This month we’re headed back home to the Highlands to visit Scotland’s oldest distillery, the ever delightful and singular Glenturret. Practically a living museum, today this tiny distillery is the most authentically traditional distillery in Scotland and it’s a testament to its unique character that it’s stood the test of time.
Established in 1775 under the unusually cool name The Hosh (Gaelic for ‘foot’ and its place of origin– shame it’s not still called that!), it was renamed Glenturret in 1875 in celebration of its centenary. Initially running as an illicit still, it was licenced in 1818 by then owner John Drummond and endured a revolving door of proprietors until it was mothballed in the 1920s due to tough economic conditions as a result of WW1 and Prohibition. All was not lost and hope and was just over the horizon for the granddaddy of Scotch whisky.
Having narrowly survived a three-pronged attack from der Führer, Comrade Stalin and Emperor Hirohito, not to mention nuclear annihilation, the world was feeling pretty buoyant in the 1950s. This good mood called for Scotch and the Scots were all too pleased to oblige. To Glenturret’s great fortune it was purchased and resurrected in 1959 by James Fairlie, a visionary whisky lover hell-bent on producing whisky in as traditional a manner as possible, just like in the very old days. Going into it from the outset with a plan to showcase traditional whisky production methods, he wanted to keep the distillery a small, farm-style operation and after a swift refit, Glenturret was in full swing again in 1960.
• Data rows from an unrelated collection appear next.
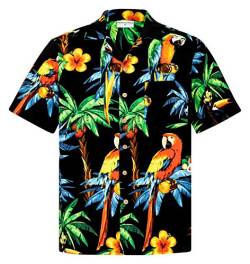 Hawaiihemdshop Hawaiihemd | Herren | Baumwolle | Größe S - 8XL | Brusttasche | schwarz | Kurzarm | Papageien | Palmen | Blüten | Hawaii-Shirt | Kokosnuss-Knöpfe von Hawaiihemdshop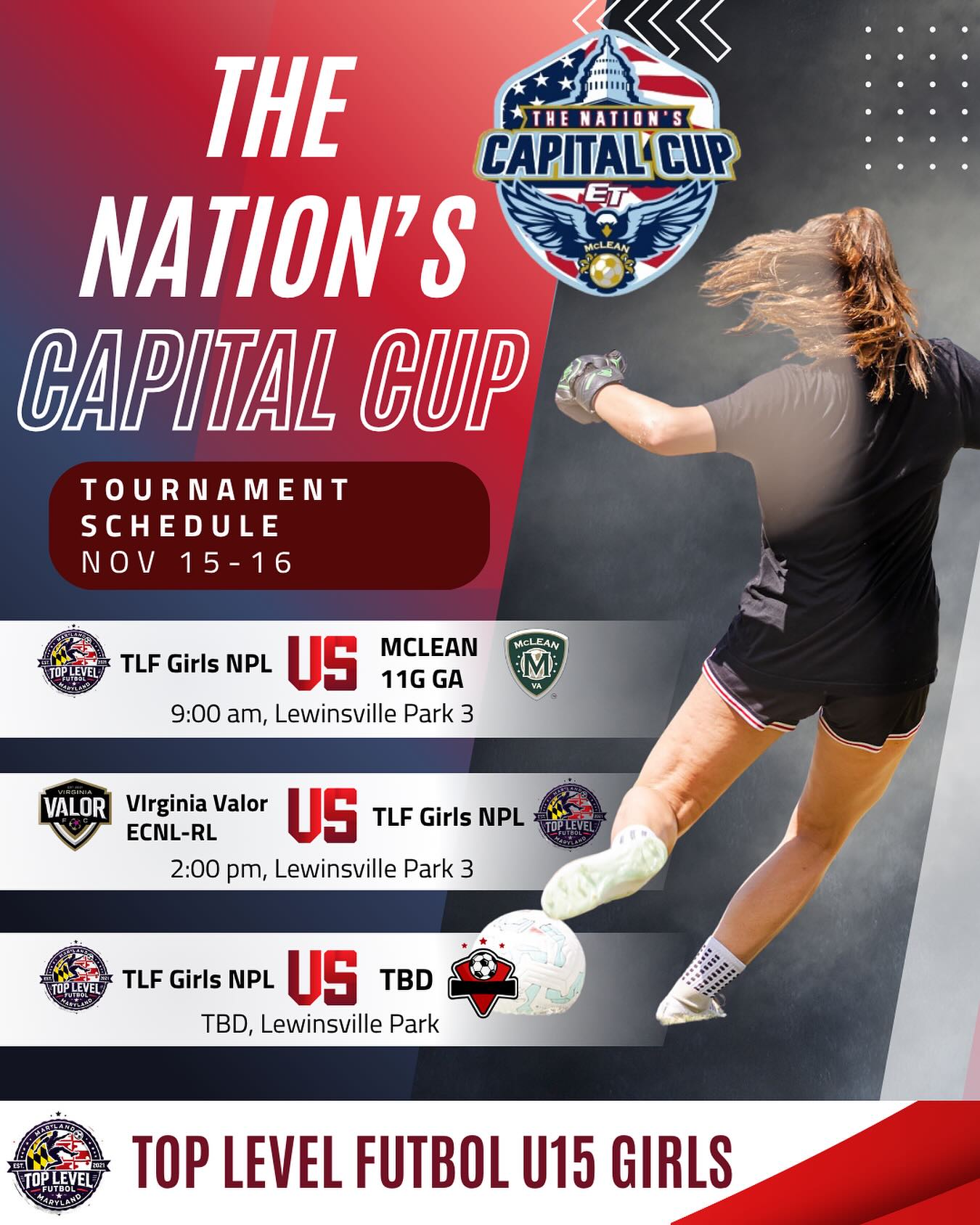 TLF U15 Girls at Nations Capital Cup
november 15-16, lewinsville park
attendence = mandatory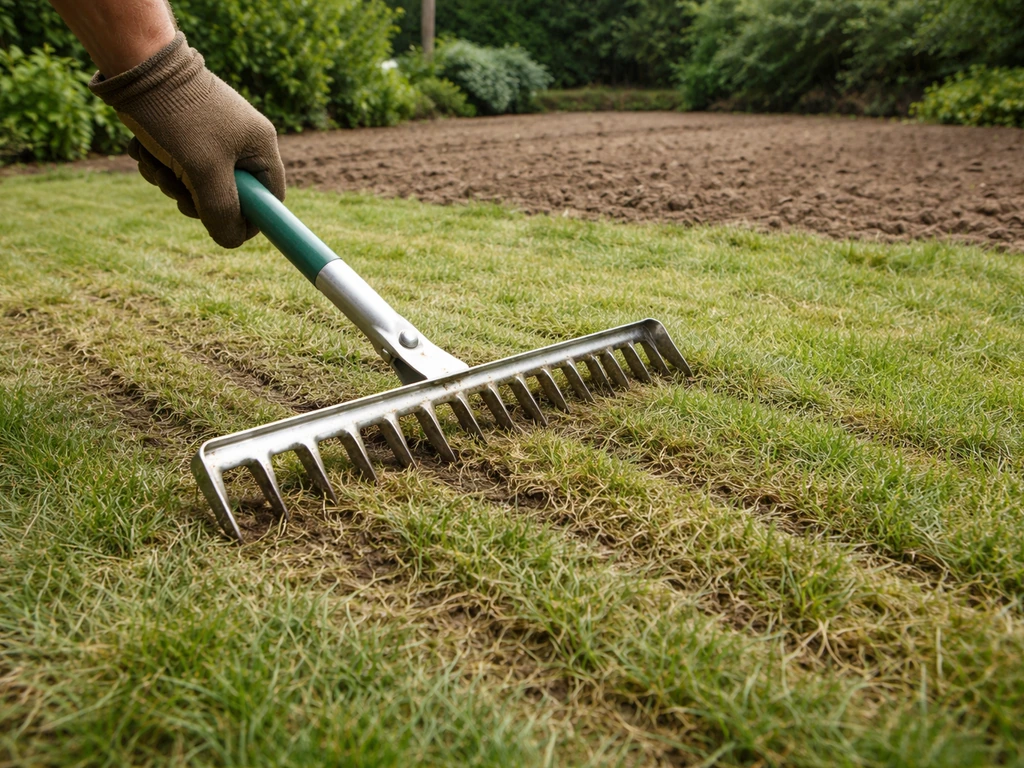 Tuinrenovatie: verticuteren van een gazon met een metalen hark, met kale strook grond klaar voor verbetering.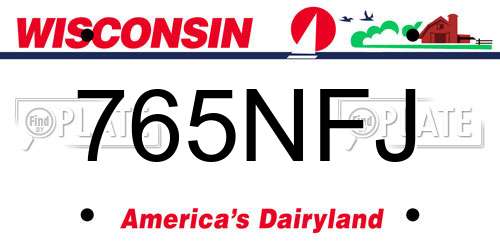 765NFJ Wisconsin License Plate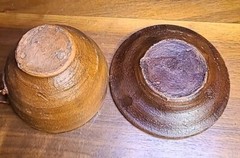 Set Of 4 Vintage Mexican Red Clay Cup and Saucer- Handcrafted Mexico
James’s vision was to produce whisky “By Hand and By Heart” and that’s exactly what he did. The Glenturret’s second incarnation was that of a true craft distillery, pioneering craft production principles, many decades before it was “cool” to be craft. Sensing the impending whisky boom including whisky tourism, Glenturret’s rebuild included a radical new feature at the time – a visitors centre. This was only the second such centre to be set up and predates even that of Glenfarclas, who didn’t open their famous visitor centre until 1973.
Glenturret further shot to fame in the early 2000s when current owners Edrington Group spent a whopping £2.2m to transform the site into one of Scotland’s premier whisky destinations, The Famous Grouse Experience, and you’ve guessed right, Gleturret is a key ingredient in Scotland’s favorite blend – which is why original single malt bottlings like this are very rare from the small distillery, made even more special because this is a distillery that goes to pains to make sure their traditional farm style highland malt tastes the same as it did 240 years ago. It’s truly an honor to present this as our whisky of the month this September.
No Glenturet story is complete of course without a quick mention for Towser the Mouser, a champion cat who kept the rodent population under control from 1963 to 1987, catching an estimated 28,899 mice over her lifespan. Such a tremendous haul didn’t go unnoticed, and after official observation she made it into the Guinness Book of Records, and naturally a bronze statue was erected in her honour at the distillery.